17% of all food available at consumer levels was wasted in 2019, reveals Food Waste Index

Reducing food waste would also help improve food security, address climate change, save money and lower pressures on the environment  

By DTE Staff
Published: Thursday 04 March 2021
Photo: Wikimedia Commons
Photo: Wikimedia Commons Photo: Wikimedia Commons

The Food Waste Index Report 2021 released March 4, 2021 has revealed that 17 per cent of all food available at consumer levels was wasted in 2019. That year, some 690 million people had to go hungry.

The food waste amounted to a whopping 931 million tonnes of food sold to households, retailers and restaurants. Around 23 million 40-tonne trucks would be needed to transport this waste and if they stood bumper to bumper, they would circle the Earth seven times.

Contrary to belief, the study by the United Nations Environment Programme (UNEP) revealed that food waste was a global problem and not that of just the developed world. The data, though scarce, revealed that food waste was substantial, regardless of income level.

Data on all three areas of food waste, namely household, food service and retail was available only for high income countries. The index was prepared by using data from 54 countries and then extrapolated to the remaining countries. Waste at household, food service and retail amounted to 79, 26 and 13 kilogram /capita / year respectively. 

The document noted that on an average, 74 kilograms of food was wasted per capita at the household level. Some countries like Austria and South Africa  produce very low amounts of waste at 39 kg / capita / year and 40 kg / capita / year respectively.

On the other hand, countries like Nigeria and Rwanda are producing waste at 189 kg / capita / year and 164 kg / capita / year respectively. For India, the waste in kg / capita / year was 50. However, this estimation is based on only three studies, all of which had a sample size or length that was either small or unclear.

“For a long time, it was assumed that food waste in the home was a significant problem only in developed countries,” said Marcus Gover, chief exceutive of WRAP, a UK-based non-profit that worked with UNEP to develop the index.

“With the publication of the Food Waste Index report, we see that things are not so clear cut. With only nine years to go, we will not achieve the Sustable Development Goal (SDG) 12 Target 3 if we do not significantly increase investment in tackling food waste in the home globally.”

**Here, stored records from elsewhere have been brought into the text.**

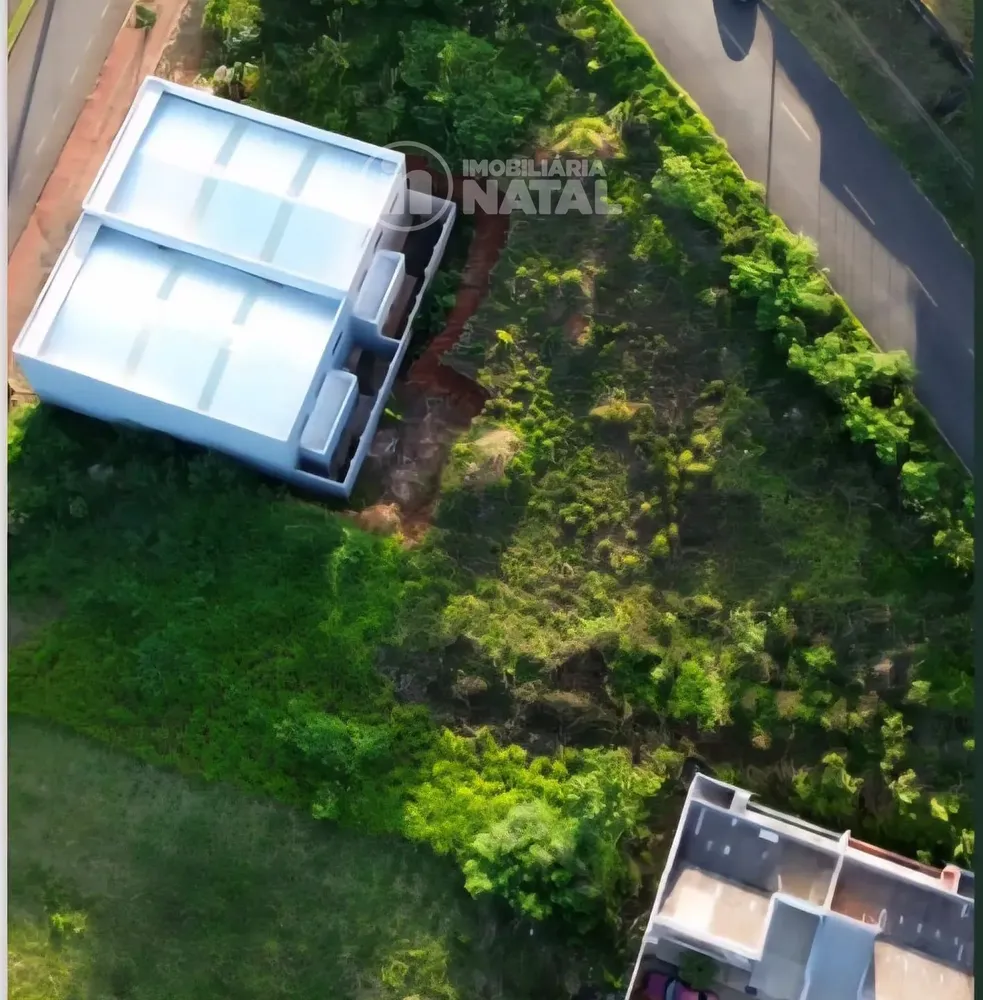 Terreno, 270 m² - Foto 5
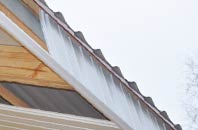 find rated Brymbo fascia repair companies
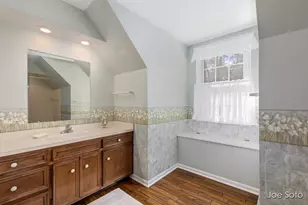 243 Little Station Rd, Holland, MI 49424 - Photo 34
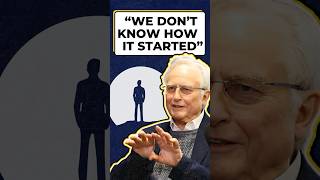 Richard Dawkins Admits Scientists Don’t Know the Origin of Life [upl. by Ayokal]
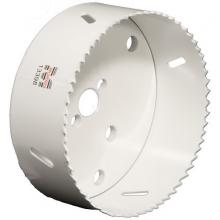 Morris 13394 - 4" Hole Saw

Food waste also has a substantial environmental, social and economic impact. For example, 8-10 per cent of global greenhouse gas emissions are associated with food that is not consumed.

“Reducing food waste would cut greenhouse gas emissions, slow the destruction of nature through land conversion and pollution, enhance the availability of food and thus reduce hunger and save money at a time of global recession,” Inger Andersen, executive director of UNEP, said.

As of now, none of the Nationally Determined Contributions (NDCs) to the Paris Agreement mention food waste and only 11 mention food loss. Countries can raise climate ambition by including food systems in their NDCs.

“If we want to get serious about tackling climate change, nature and biodiversity loss and pollution and waste, businesses, governments and citizens around the world have to do their part to reduce food waste. The UN Food Systems Summit this year will provide an opportunity to launch bold new actions to tackle food waste globally,” Andersen said.

Food loss and waste causes about $940 billion per year in economic losses. Reductions can save money for farmers, companies, and households.

SDG target 12.3 aims at halving per-capita global food waste at the retail and consumer levels and reducing food losses along production and supply chains.